Orecki says if a recession does occur, the future gaps could be even larger. His group is urging the governor to put more money in a reserve fund to guard against a potential economic downturn.
“Building further rainy day deposits is a big priority, we think,” said Orecki.
Governors in New York have significant leverage over the state Legislature in the budget process, and they often add on unrelated policy items that might otherwise be difficult to win approval.
Hochul will be including in her budget plan a change to the state’s controversial 2019 bail reform laws, which ended cash bail for most nonviolent crimes. Democratic lawmakers have been resistant to changing those laws.
Hochul’s proposal would allow judges to have more leeway to set bail for serious crimes by eliminating a requirement that they use the “least restrictive means” to ensure that someone returns for court dates.
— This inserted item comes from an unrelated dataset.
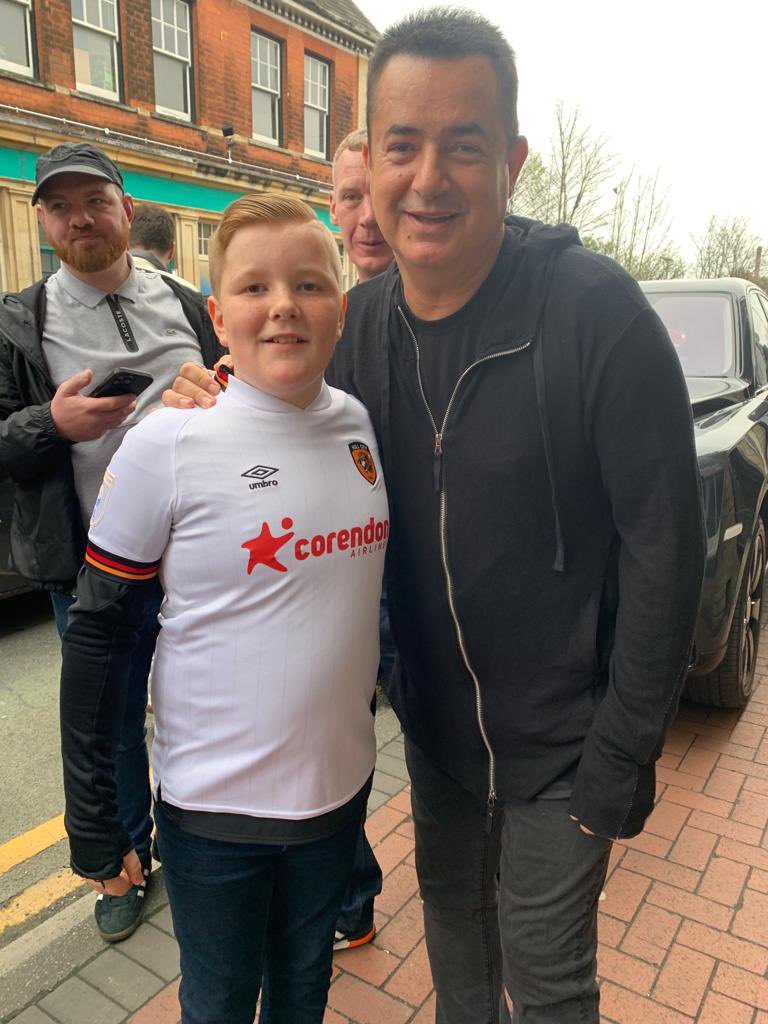 Scott Gibson (@scottgibson09) on Twitter photo Not a great result but this was the highlight of the day for the boy #hcafc <a href="/acunilicali/">Acun Ilıcalı</a> Not a great result but this was the highlight of the day for the boy #hcafc <a href="/acunilicali/">Acun Ilıcalı</a>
The governor, speaking earlier in January, says the revision would fix changes made to the law last year, which have created some confusion.
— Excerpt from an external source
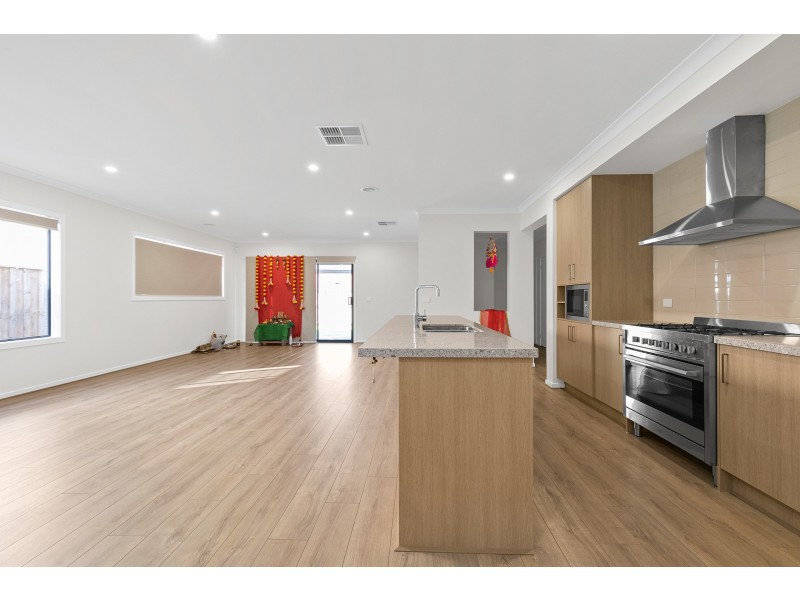 12 Crantock Way, Werribee VIC 3030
“We have an inconsistency in the law right now,” Hochul said.
The governor is also expected to add funding to help district attorneys carry out recently changed discovery laws that give defendants more access to evidence gathered in their cases.
The budget season begins amid heightened tensions between Hochul and her fellow Democrats who hold supermajorities in the Legislature.
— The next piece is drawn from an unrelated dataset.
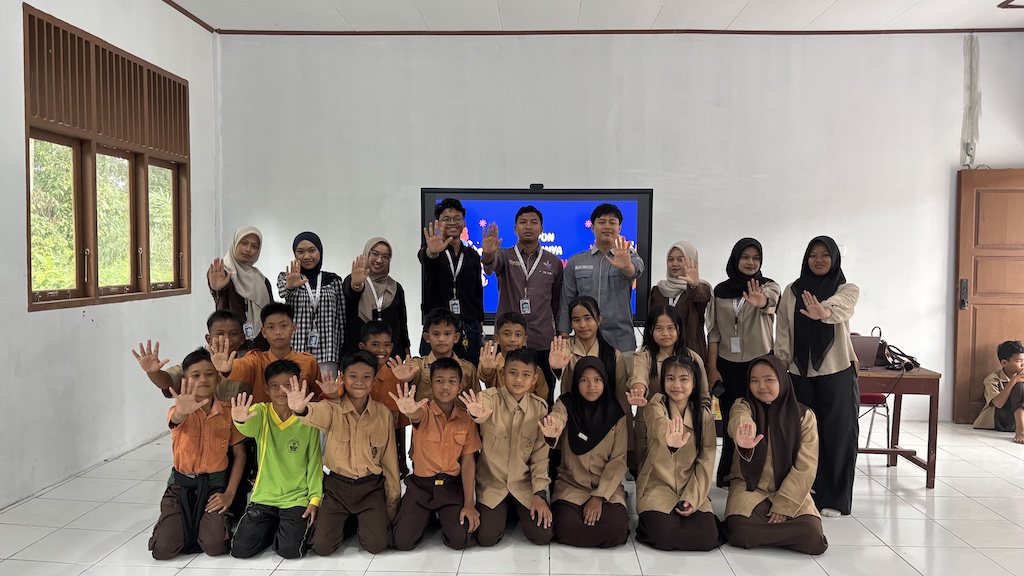 Mahasiswa Kukerta UNRI Edukasi Bahaya NAPZA kepada Siswa SMPN 5 Kerumutan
The governor is annoyed over a Senate committee’s rejection of her nominee for chief judge, and she still hasn’t ruled out a lawsuit to try to force a full Senate vote.
And Hochul on Monday vetoed a bill updating the state’s wrongful death statute, that both houses of the Legislature had overwhelmingly passed. That angered the measure’s sponsors, who called Hochul’s last-minute attempts to negotiate changes to the bill “half-baked”.
Senate Leader Andrea Stewart-Cousins says despite the differences, the majority of Senate Democrats are on the same page as Hochul when it comes to the policies she will be proposing, and she won’t let those differences stand in the way.
“I have a good relationship with the governor,” Stewart-Cousins said. “We could disagree, but that doesn’t mean that we can’t do the work that the people sent us to do.”
Stewart-Cousins and other lawmakers will have a chance to do just that. Legislative hearings on the governor’s budget plan will start in a few days.